How web video blurs church and state lines for publishers

The struggle is most glaringly apparent at The New York Times, which recently shook up its video unit with Bruce Headlam, managing editor for video, and Rebecca Howard, gm of video, departing. Headlam is taking another “senior role in the newsroom,” while Howard is leaving the company to “pursue other business interests,” the Times’ executive editor Dean Baquet wrote in a memo.

According to one former video executive at the Times, the company’s two-headed approach to its video department wasn’t completely working. The question then arises: Should video strictly be an editorial operation, or should the business side take the lead?

In Web video, the answer is often both. Here are three publishers navigating the increasingly blurred line between church and state, with varying results:

The New York Times

Under Headlam and Howard’s leadership, the Times’ video business certainly grew. Its production slate currently counts 15 channels and dozens of new original series, and successes include a Pulitzer for the paper’s video coverage of the Ebola crisis. And yet, there was also constant tensions between the editorial and business sides.

For video to grow at the required scale for the Times, the paper needs one executive to oversee all aspects of the business, said the former executive, who came up on the business side.

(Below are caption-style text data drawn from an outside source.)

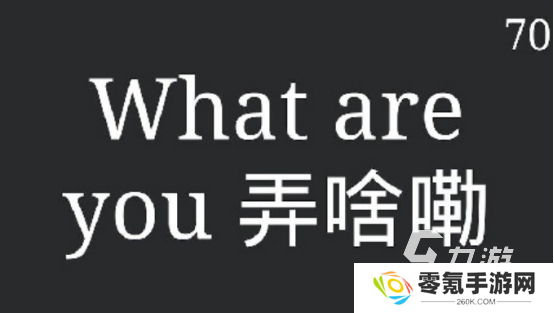 好玩的双人小游戏推荐,2025热门盘点分享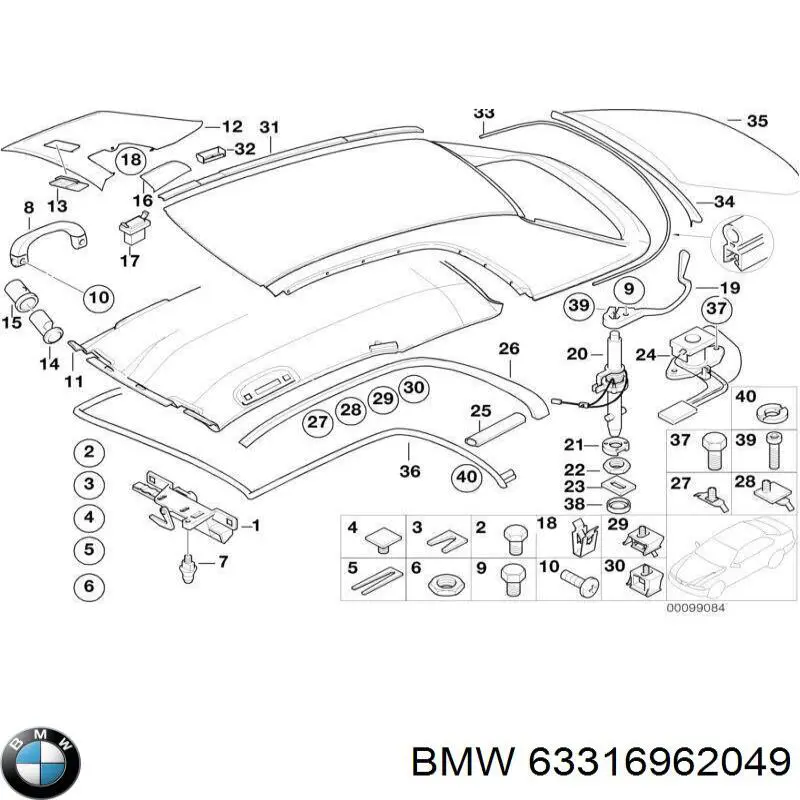 Купити 8375585 BMW 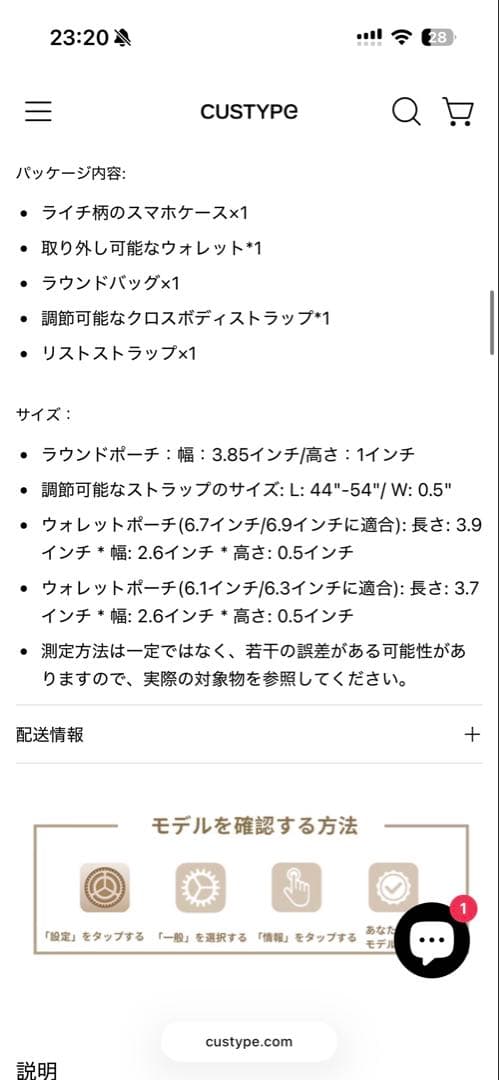 CUSTY ベージュ iPhoneケース ストラップ付き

An executive at another major news organisation echoed the sentiment, stressing that the opportunity in video goes beyond editorial content and requires a leader who understands that. “Video has a marriage to the [editorial] experience but has a standalone opportunity beyond that,” said this executive, who has a business background. “There very well may be editorial folks out there who can do it, but threading that needle between issues like production costs, distribution and even managing the balance between text and video, and still being able to run a fully scaled operation is, I think, beyond what I’ve typically seen coming out of editorial.”